A great authority, Grimond de la Reynière, says: “The mackerel has has this in common with good women – he is loved by all the world. He is welcomed by rich and poor with the same eagerness. He is most commonly eaten à la maître d’ hôtel. But he may be prepared in a hundred ways; and he is as exquisite plain as in the most elaborate dressing” (au maigre coome au gras). This immense praise, and is a complete justification of the common English method of serving him  – plain boiled, with fennel or with gooseberry sauce. Nevertheless I give my vote to those who assert that there is but one perfect way of cooking a mackerel – to split him by the back, broil him, and serve him with maître d’hôtel butter. Still better, take his fillets and serve them in the same way.

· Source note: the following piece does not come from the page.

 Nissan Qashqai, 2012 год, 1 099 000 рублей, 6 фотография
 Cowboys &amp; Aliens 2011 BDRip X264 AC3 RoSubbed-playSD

The name of mackerel is supposed to be a corruption of nacarel, a possible diminutive of nacre – from the blue and mother-o’-pearl tint of skin. In one of the dialects of the south of France he is called peis d’Avril, the April fish – or as we should say, an April fool, both because he is a fool coming easily to the net, and because he first comes in April. He is not only quickly caught, but he spoils so quickly that the law accords him a peculiar privilege: he is the only fish that may be hawked from the street on a Sunday. For the same reason he is the only fish besides the salmon that is much soused or marinaded in the country.

The mackerel which comes to our shores is a great puzzle to the philosophers. He has no air-bladder, yet he is as buoyant and lively as fish can be. What then is the use of an air-bladder?